为了增加电路密度,有必要减小该半导体装置内部的组件尺寸,以及减小耦合组件在一起的互连件长度和宽度。此外,该互连件的阻抗必须够小以便能通过具有狭窄宽度的互连件,以该半导体装置内的最小能量损失来转换电子信号。
在典型的集成电路中,可能具有许多金属化层和互连通孔层在后段(BEOL)互连结构中形成。该BEOL互连结构连接各种装置(例如晶体管和电容器..等等)以形成功能电路。在制造过程中,有必要形成金属线的切口和连接以创造出所希望的连接性来实现给定的设计。随着临界尺寸持续收缩,这可以视剧有挑战性的。因此希望有所改善以解决上述问题。
发明内容
本发明的实施例提供一种用于后段制程结构中牺牲金属线的切割的方法。牺牲Mx+1线在金属Mx线上面形成。线切口微影堆栈物沉积且图案化于该牺牲Mx+1线上方,并且形成切穴。该切穴用介电材料填充。选择性蚀刻制程去除该牺牲Mx+1线,保护填充于该切穴中的该介电质。接着藉由在去除该牺牲Mx+1线的地方沉积金属来形成预切金属线。因此,本发明的实施例提供预切金属线,并且不需要进行金属切割。通过避免金属切割的需要,也避免了与金属切割有关的风险。

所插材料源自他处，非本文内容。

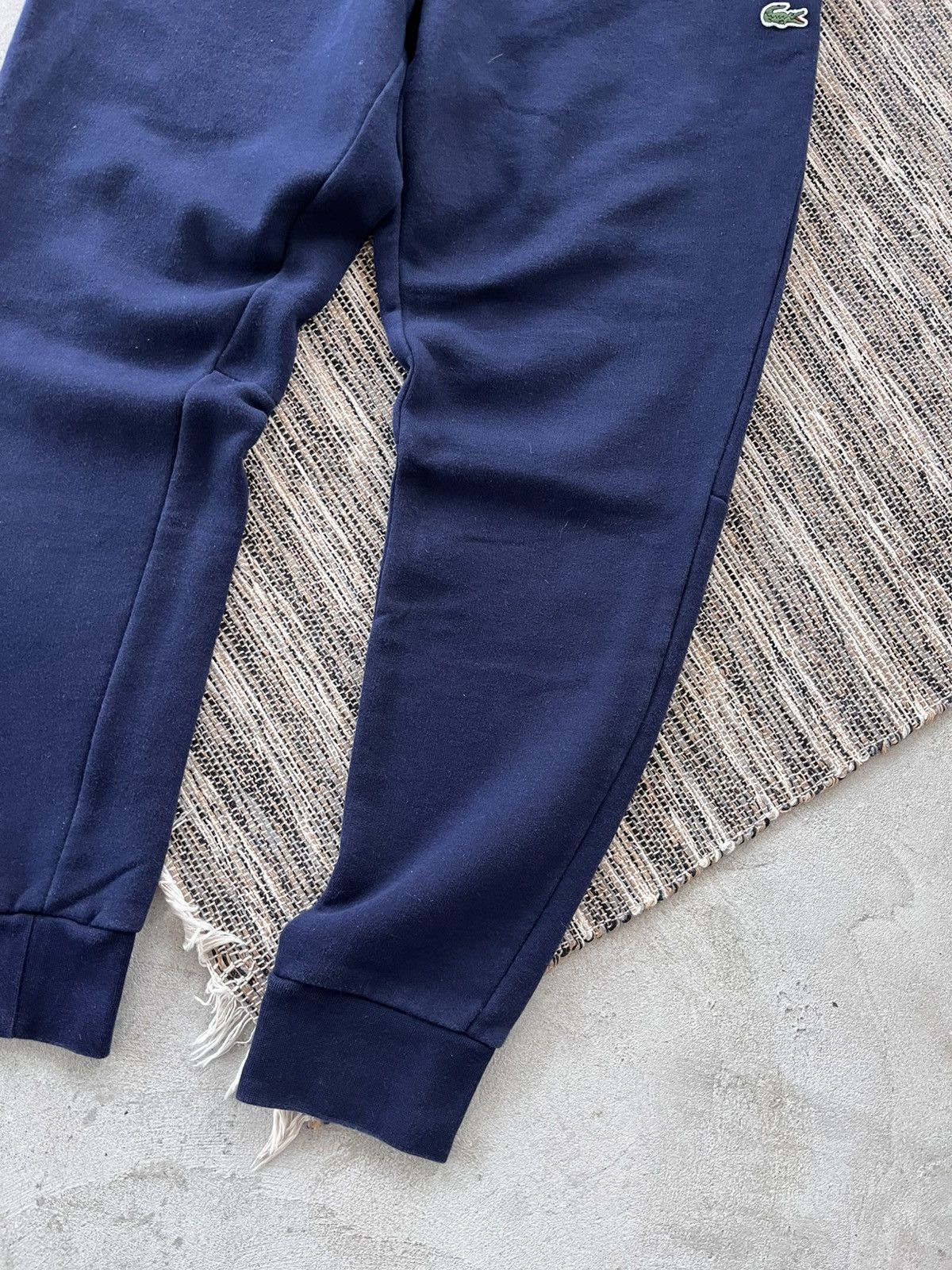 Lacoste Vintage Lacoste Navy Minimalistic Sweatpants Y2K Track Pants Size US 32 / EU 48 - 4 Thumbnail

第一方面,本发明的实施例提供一种形成半导体结构的方法,包括:在多个金属Mx线上方形成多个牺牲Mx+1线;在该多个牺牲Mx+1线上方沉积介电层;在该多个牺牲Mx+1线的其中一个牺牲Mx+1线中形成切穴;在该切穴中形成介电区;去除该多个牺牲Mx+1线以形成多个Mx+1线穴;以及以金属填充该多个Mx+1线穴以形成多个金属Mx+1线。
第二方面,本发明的实施例提供一种形成半导体结构的方法,包括:在多个金属Mx线上方形成多个牺牲Mx+1线;在该多个牺牲Mx+1线上方沉积介电层;在该介电层上沉积有机平坦化层;在该有机平坦化层上沉积抗蚀层;在该抗蚀层和有机平坦化层中形成凹穴;去除该抗蚀层;在该有机平坦化层上沉积保形间隔层;在该保形间隔层上进行各向异性蚀刻以形成孔间隔件;在该多个牺牲Mx+1层的其中一个牺牲Mx+1线中形成切穴;在该切穴中形成介电区;去除该多个牺牲Mx+1线以形成多个Mx+1线穴;以及用金属填充该多个Mx+1线穴以形成多个金属Mx+1线。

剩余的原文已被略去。